==== RECORDS SUPPLIED

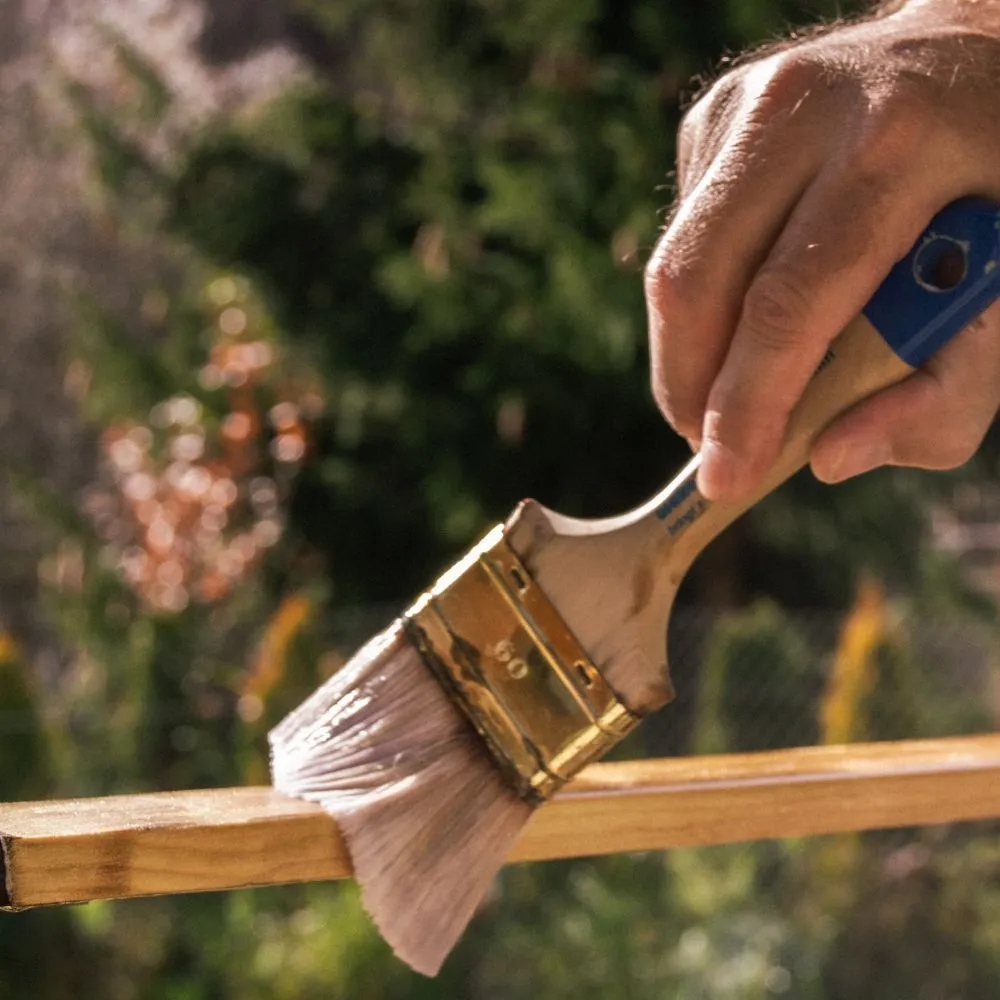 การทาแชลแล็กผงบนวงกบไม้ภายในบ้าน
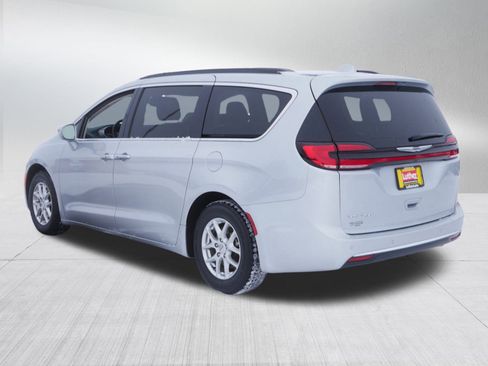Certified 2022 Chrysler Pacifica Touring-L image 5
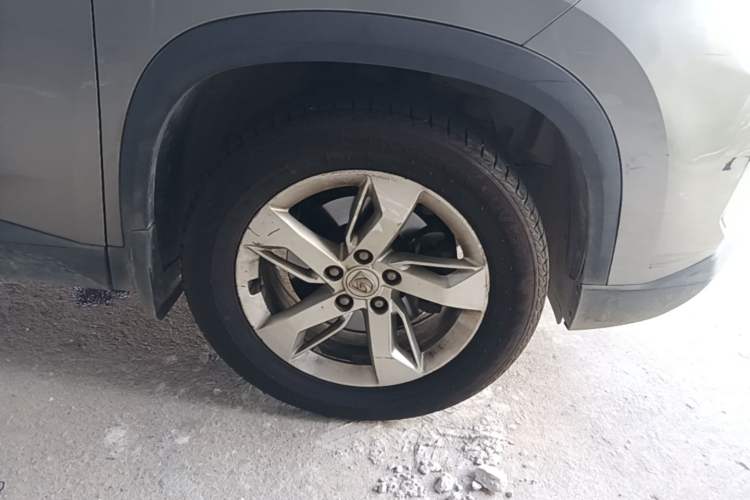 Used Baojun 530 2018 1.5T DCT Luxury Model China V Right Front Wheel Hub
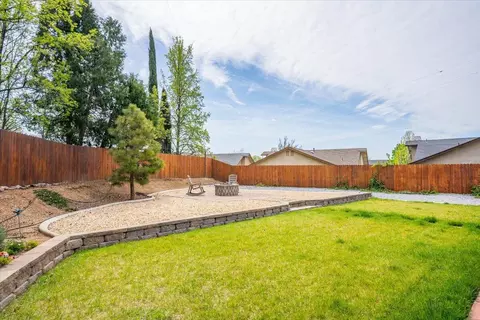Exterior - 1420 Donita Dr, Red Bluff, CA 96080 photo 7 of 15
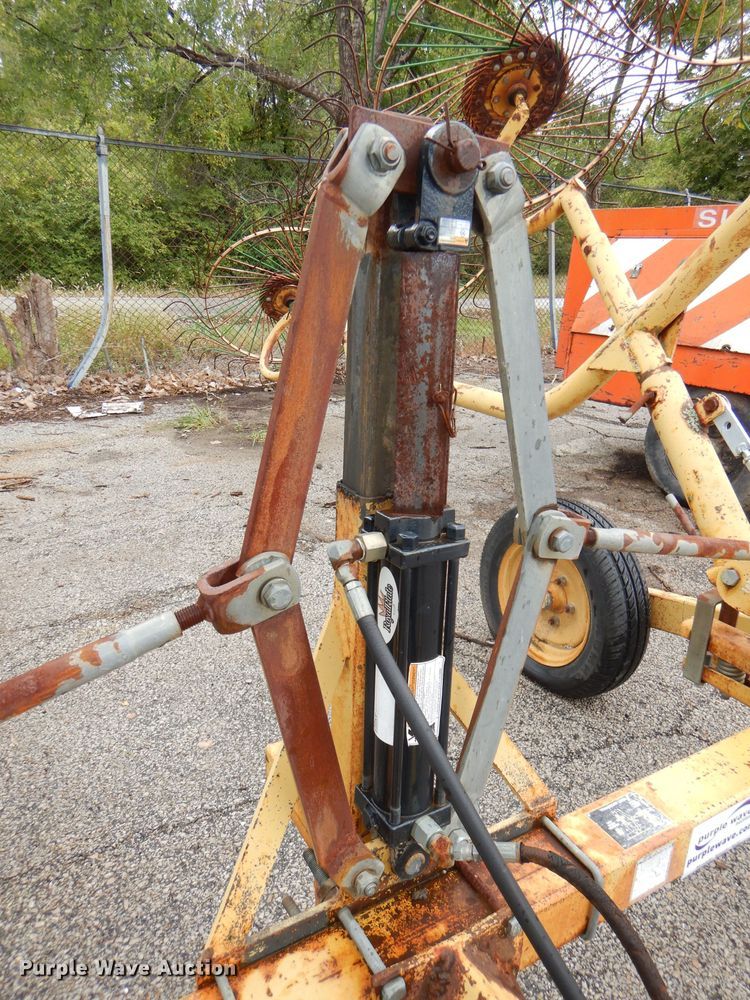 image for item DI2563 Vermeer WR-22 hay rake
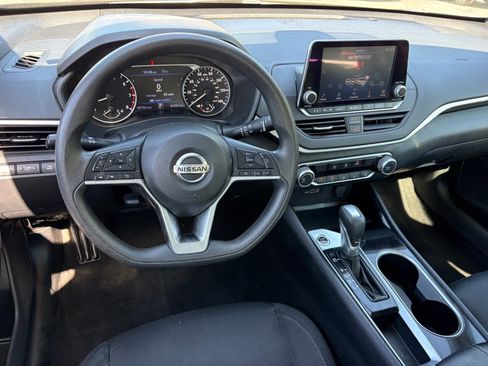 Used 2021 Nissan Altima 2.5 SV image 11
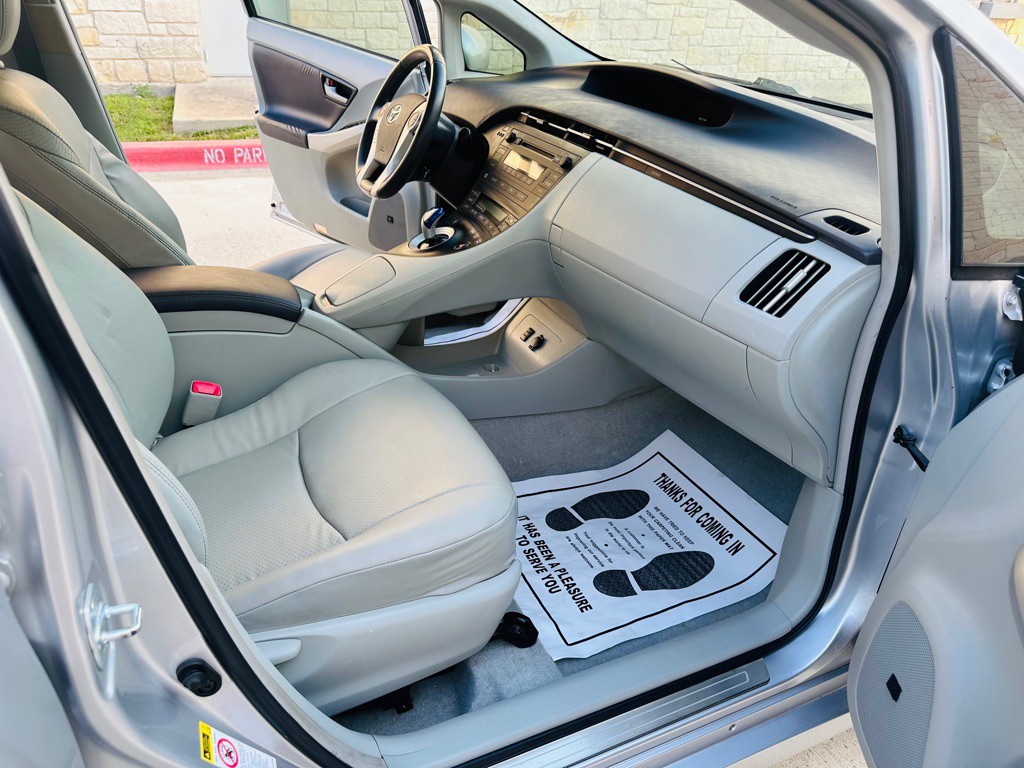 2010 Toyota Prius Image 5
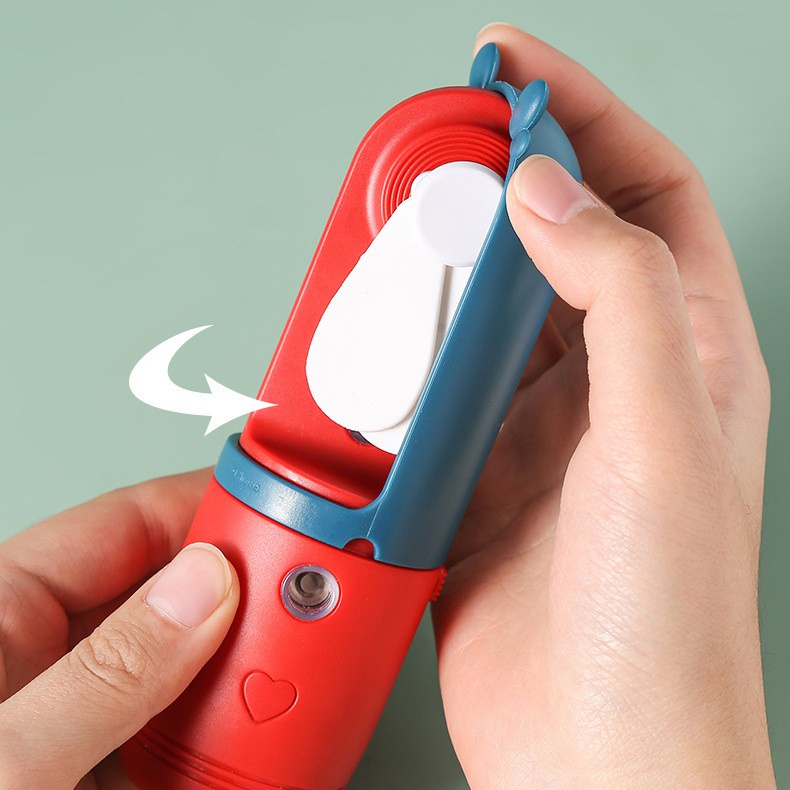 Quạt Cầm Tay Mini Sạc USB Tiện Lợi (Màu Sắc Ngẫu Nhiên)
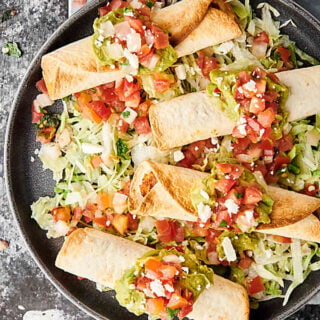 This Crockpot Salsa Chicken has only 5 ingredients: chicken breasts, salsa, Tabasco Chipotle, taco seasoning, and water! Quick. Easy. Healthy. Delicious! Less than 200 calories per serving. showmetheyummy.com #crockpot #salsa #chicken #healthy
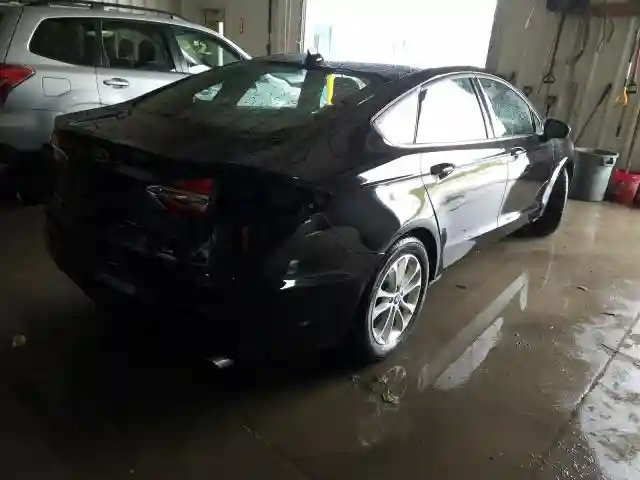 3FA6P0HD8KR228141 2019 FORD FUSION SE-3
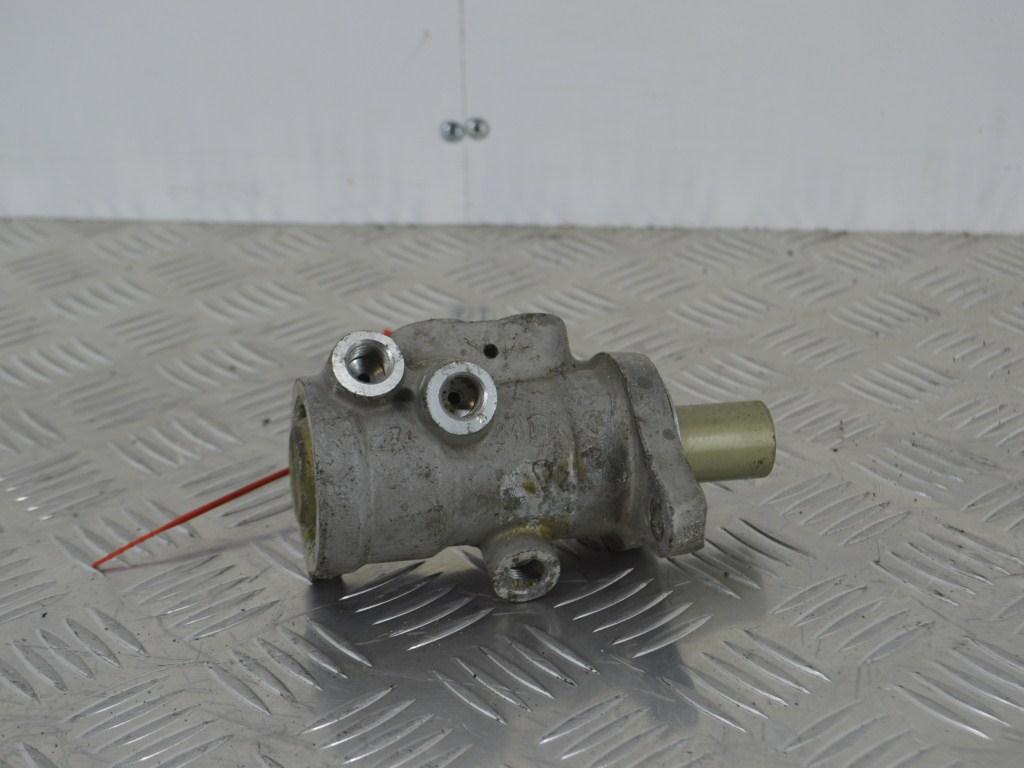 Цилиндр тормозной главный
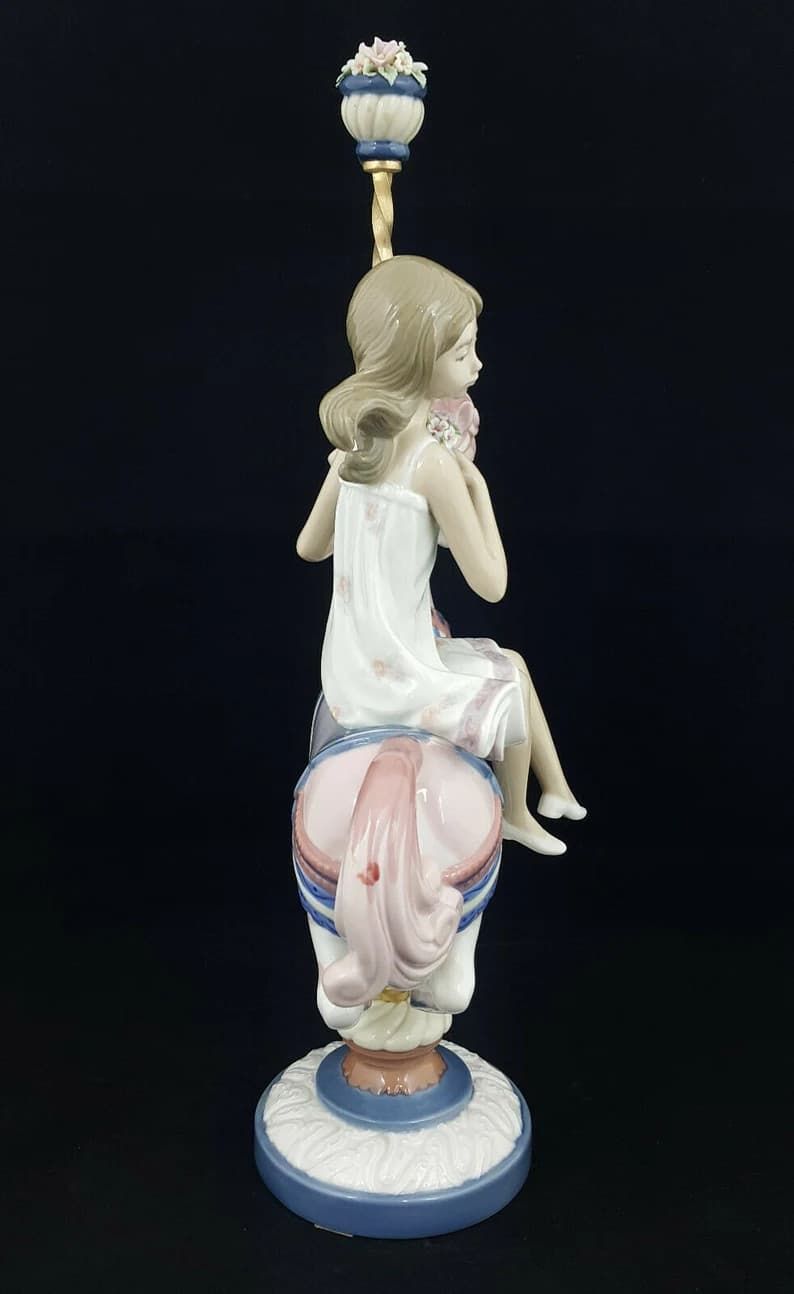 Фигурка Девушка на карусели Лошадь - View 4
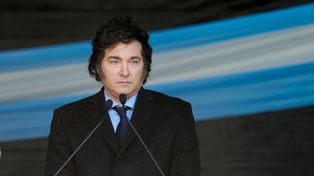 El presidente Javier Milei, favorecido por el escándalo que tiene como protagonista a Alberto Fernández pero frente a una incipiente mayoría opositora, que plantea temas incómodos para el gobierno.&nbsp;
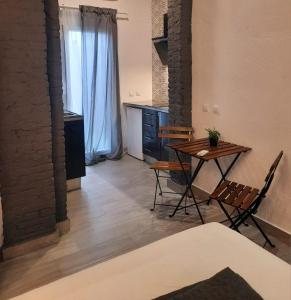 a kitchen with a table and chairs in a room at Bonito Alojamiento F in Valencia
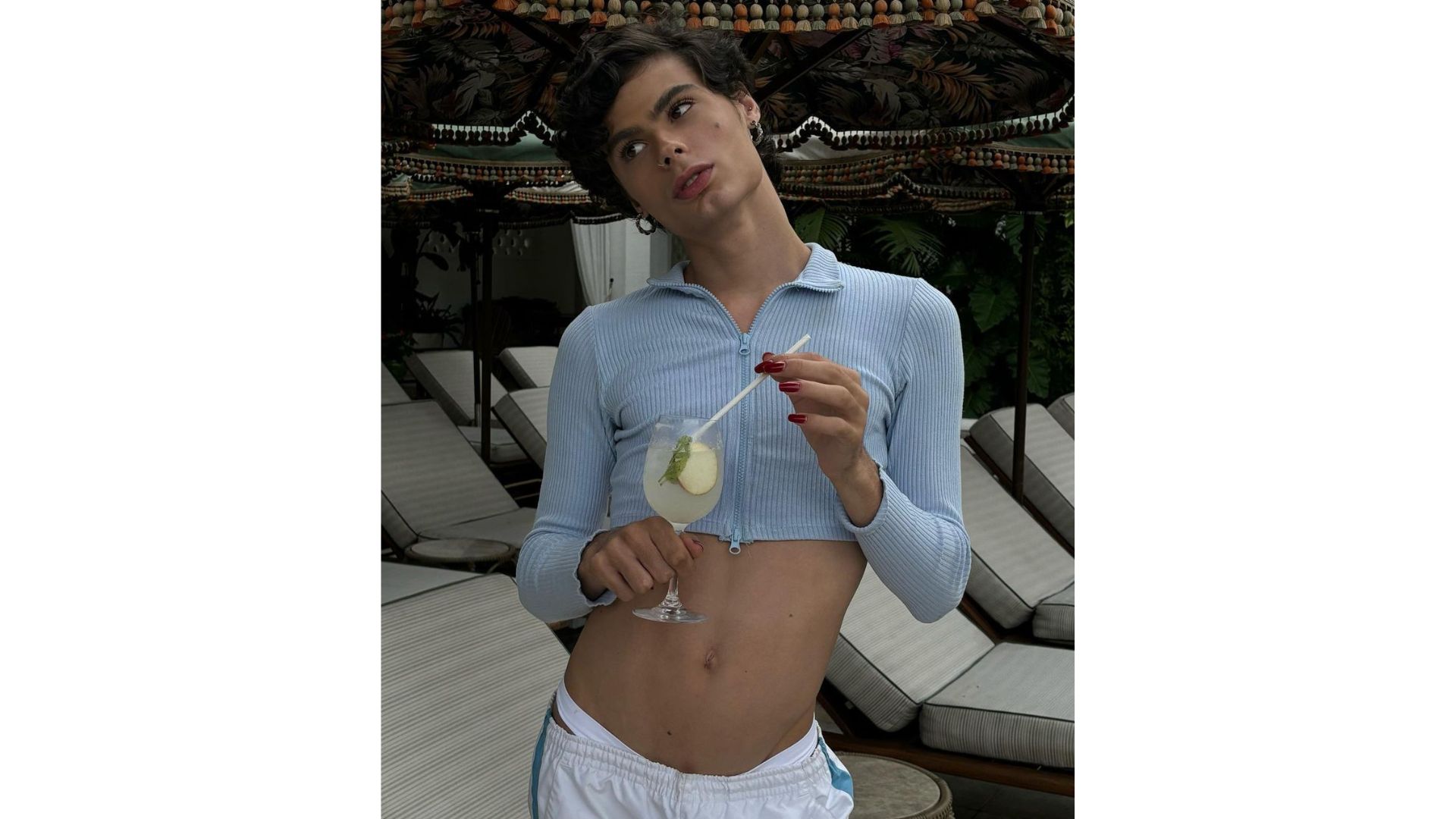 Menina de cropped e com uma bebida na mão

========

**ASSIGNMENT**
Output all of the data above exactly; no pictures should appear.

**EXPECTED ANSWER**
 การทาแชลแล็กผงบนวงกบไม้ภายในบ้าน
Certified 2022 Chrysler Pacifica Touring-L image 5
 Used Baojun 530 2018 1.5T DCT Luxury Model China V Right Front Wheel Hub
Exterior - 1420 Donita Dr, Red Bluff, CA 96080 photo 7 of 15
 image for item DI2563 Vermeer WR-22 hay rake
 Used 2021 Nissan Altima 2.5 SV image 11
 2010 Toyota Prius Image 5
 Quạt Cầm Tay Mini Sạc USB Tiện Lợi (Màu Sắc Ngẫu Nhiên)
 This Crockpot Salsa Chicken has only 5 ingredients: chicken breasts, salsa, Tabasco Chipotle, taco seasoning, and water! Quick. Easy. Healthy. Delicious! Less than 200 calories per serving. showmetheyummy.com #crockpot #salsa #chicken #healthy
 3FA6P0HD8KR228141 2019 FORD FUSION SE-3
 Цилиндр тормозной главный
 Фигурка Девушка на карусели Лошадь - View 4
 El presidente Javier Milei, favorecido por el escándalo que tiene como protagonista a Alberto Fernández pero frente a una incipiente mayoría opositora, que plantea temas incómodos para el gobierno.&nbsp;
 a kitchen with a table and chairs in a room at Bonito Alojamiento F in Valencia
 Menina de cropped e com uma bebida na mão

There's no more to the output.